We can see that each iteration takes significantly longer than with the perceptron network, but the results are evidently much better. The convolutional network is better able to capture the character recognition from the images, and in this case within reasonable time and hardware. We can compare the results in my handwriting to reinforce this:

```
# Load the digits in my own handwriting
X_self = np.zeros((10, 28, 28))
for i in range(10):
X_self[i, :, :] = np.array(ImageOps.invert(Image.open(str(i) + ".jpg").convert('L')))
X_self = X_self.reshape(X_self.shape[0], 1, 28, 28).astype('float32')
X_self = X_self / 255
y_self = np.arange(0, 10)
self_pred = model.predict(X_self)
plt.figure(figsize=(7, 7))
for i in range(9):
plt.subplot(4, 3, i + 1)
plt.imshow(X_self[i + 1, :].reshape(28, 28), cmap=plt.get_cmap('gray'))
plt.title("Predicted: " + str(np.argmax(self_pred[i + 1])))
plt.axis('off')
plt.subplot(4, 3, 11)
plt.imshow(X_self[0, :].reshape(28, 28), cmap=plt.get_cmap('gray'))
plt.title("Predicted: " + str(np.argmax(self_pred[0])))
plt.axis('off')
plt.show()
```

The convolutional network makes almost no mistakes, even if the overall accuracy had just a very slight increase.

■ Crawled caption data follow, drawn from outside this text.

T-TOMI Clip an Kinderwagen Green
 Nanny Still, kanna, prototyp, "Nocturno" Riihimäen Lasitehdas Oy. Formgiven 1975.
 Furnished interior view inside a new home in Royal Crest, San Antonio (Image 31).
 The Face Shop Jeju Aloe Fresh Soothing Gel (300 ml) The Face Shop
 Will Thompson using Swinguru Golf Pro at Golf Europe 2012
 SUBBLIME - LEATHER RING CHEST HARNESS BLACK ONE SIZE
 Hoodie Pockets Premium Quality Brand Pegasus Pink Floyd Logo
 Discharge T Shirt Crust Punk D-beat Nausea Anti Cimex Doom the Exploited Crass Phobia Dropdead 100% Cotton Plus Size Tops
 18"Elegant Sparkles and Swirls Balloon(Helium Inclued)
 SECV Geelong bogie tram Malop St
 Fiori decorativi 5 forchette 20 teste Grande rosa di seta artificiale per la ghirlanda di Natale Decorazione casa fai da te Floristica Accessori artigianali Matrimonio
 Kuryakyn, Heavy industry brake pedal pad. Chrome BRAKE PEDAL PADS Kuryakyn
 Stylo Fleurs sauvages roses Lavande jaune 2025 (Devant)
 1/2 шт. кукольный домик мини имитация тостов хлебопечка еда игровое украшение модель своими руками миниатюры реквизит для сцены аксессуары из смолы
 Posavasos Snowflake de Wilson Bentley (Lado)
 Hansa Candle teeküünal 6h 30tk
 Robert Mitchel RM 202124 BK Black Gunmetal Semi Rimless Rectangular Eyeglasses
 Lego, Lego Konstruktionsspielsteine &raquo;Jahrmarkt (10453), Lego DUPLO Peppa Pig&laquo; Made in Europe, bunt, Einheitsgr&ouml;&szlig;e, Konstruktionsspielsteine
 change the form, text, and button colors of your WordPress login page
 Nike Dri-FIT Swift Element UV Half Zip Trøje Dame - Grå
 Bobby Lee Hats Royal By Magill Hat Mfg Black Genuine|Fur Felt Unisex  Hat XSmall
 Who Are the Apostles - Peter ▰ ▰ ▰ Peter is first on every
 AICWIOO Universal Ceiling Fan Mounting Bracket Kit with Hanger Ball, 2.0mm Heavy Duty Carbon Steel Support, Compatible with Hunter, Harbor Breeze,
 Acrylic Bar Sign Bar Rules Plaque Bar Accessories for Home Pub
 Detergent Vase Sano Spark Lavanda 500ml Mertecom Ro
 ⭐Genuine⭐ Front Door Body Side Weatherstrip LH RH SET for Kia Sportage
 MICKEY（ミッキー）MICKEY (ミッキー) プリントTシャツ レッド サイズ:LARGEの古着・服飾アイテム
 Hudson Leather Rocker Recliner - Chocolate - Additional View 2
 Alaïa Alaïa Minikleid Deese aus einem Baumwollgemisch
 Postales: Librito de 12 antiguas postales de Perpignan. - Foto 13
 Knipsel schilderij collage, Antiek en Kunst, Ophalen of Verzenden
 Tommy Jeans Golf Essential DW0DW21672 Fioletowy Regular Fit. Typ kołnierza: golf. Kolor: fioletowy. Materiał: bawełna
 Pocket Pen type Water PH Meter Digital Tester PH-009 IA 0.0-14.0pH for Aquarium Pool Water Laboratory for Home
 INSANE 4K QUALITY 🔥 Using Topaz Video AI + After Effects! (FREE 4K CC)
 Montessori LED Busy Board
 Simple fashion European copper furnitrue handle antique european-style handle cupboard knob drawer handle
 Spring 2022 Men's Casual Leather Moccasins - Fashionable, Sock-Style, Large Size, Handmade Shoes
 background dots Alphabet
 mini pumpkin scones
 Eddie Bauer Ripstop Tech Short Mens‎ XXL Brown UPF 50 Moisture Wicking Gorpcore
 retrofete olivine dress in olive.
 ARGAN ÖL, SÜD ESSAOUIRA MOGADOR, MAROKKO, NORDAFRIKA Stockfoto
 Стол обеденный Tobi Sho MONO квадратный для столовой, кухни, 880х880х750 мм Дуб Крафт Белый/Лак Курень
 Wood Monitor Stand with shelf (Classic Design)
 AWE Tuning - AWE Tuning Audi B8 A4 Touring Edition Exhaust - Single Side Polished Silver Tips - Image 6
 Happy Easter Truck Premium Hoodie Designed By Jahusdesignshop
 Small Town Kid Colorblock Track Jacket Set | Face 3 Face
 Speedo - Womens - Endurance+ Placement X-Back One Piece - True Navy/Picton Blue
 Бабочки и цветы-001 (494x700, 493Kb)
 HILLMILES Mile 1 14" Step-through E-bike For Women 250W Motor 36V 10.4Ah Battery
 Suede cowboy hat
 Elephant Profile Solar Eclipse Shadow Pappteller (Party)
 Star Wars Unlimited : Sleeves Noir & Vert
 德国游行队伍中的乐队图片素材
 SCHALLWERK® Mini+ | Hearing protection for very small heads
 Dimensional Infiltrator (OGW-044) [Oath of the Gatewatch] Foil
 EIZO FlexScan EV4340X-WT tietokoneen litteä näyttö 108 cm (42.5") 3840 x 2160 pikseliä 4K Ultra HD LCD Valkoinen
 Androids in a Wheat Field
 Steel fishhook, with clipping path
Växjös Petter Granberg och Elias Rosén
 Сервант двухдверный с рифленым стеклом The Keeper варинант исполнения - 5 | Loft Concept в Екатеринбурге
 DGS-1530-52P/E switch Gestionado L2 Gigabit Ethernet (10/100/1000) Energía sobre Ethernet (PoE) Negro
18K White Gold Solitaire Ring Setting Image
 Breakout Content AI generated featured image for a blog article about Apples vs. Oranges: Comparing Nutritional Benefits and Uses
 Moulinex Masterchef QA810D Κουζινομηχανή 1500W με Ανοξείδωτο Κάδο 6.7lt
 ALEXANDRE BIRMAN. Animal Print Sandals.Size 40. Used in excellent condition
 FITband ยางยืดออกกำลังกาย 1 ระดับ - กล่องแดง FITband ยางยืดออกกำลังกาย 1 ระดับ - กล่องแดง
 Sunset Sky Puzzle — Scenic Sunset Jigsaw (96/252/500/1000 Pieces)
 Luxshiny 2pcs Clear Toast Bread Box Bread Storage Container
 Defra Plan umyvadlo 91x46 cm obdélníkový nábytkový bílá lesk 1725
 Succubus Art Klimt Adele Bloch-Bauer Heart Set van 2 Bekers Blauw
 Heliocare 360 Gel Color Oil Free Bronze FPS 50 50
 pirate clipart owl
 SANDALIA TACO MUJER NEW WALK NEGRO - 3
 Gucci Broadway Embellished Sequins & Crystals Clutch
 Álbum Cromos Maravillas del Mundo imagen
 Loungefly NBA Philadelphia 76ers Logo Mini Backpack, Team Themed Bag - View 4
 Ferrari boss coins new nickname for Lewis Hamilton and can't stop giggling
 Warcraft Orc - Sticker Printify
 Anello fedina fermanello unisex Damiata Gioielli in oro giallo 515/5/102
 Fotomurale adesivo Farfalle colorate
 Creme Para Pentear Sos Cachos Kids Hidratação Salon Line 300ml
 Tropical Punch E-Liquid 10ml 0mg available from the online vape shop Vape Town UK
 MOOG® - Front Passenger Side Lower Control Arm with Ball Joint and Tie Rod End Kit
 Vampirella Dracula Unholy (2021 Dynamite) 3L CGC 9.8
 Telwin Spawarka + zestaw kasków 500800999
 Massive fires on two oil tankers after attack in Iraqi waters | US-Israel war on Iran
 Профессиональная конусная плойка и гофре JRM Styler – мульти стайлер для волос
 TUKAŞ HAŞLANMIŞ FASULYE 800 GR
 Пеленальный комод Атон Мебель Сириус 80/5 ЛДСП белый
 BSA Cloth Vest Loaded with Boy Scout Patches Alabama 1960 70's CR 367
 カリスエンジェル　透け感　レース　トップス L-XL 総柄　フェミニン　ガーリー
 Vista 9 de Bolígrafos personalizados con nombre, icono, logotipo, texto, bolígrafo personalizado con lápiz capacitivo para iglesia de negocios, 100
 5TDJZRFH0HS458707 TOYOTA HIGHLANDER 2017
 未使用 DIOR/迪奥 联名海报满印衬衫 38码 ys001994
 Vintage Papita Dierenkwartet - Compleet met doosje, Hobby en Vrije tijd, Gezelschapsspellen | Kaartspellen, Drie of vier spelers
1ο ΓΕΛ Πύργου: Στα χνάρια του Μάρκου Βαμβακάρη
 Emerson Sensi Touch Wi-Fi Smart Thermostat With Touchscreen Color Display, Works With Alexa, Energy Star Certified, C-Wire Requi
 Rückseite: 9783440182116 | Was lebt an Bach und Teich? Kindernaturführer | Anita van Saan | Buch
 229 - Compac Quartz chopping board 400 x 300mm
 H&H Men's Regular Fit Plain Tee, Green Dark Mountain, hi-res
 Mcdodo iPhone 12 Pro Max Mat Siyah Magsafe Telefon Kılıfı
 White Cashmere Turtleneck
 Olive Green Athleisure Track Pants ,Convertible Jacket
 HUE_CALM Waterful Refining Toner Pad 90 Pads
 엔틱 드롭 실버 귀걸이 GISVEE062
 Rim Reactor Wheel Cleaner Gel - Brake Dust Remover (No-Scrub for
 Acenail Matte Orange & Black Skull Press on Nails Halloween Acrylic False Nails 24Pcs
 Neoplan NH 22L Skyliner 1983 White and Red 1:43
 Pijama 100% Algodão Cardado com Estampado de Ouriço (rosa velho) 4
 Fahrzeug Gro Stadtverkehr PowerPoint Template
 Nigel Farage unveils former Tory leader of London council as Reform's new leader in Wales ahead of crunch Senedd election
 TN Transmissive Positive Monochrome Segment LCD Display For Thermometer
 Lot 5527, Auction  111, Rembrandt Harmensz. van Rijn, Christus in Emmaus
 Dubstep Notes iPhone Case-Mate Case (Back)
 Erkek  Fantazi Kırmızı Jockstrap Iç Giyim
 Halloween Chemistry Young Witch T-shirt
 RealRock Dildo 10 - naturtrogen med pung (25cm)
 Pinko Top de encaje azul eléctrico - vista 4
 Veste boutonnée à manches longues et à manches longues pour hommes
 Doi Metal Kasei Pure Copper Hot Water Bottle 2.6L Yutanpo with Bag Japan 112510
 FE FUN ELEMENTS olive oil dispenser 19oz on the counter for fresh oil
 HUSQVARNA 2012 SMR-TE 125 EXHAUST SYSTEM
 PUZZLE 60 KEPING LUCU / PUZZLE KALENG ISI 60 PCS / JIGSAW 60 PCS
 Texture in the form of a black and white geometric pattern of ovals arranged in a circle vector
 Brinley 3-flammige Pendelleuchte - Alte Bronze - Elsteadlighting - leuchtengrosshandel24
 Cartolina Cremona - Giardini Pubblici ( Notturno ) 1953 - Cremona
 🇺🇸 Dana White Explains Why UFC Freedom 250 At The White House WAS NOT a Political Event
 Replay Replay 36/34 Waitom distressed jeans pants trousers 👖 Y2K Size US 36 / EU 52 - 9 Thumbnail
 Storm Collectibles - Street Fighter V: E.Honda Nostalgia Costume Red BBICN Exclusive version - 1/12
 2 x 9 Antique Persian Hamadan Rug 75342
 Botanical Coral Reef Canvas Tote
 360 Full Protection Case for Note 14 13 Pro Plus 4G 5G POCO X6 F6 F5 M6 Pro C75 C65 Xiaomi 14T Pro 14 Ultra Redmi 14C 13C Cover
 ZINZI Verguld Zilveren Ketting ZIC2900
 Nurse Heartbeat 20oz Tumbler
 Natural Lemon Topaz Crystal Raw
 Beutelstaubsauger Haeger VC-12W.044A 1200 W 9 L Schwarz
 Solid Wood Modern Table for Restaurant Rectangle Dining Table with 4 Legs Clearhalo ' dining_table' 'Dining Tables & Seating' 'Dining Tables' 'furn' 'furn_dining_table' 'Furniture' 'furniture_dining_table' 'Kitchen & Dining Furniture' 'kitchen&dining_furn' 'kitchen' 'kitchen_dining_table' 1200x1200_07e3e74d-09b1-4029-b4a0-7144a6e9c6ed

What this shows is that the power of deep learning is real, and even if it's more computationally costly it is better able to generalize to unseen data with respect to standard neural networks.

In this case the character recognition was just applied to digits, but this could be extended to letters as well. In the problem of OCR for documents, in which you'd have to recognize full words or sentences, the principle would be the same but other concepts would have to be implemented, like pagination and segmentation. Nonetheless, for the purpose of this example, convolutional networks show the muscle of deep learning in character recognition.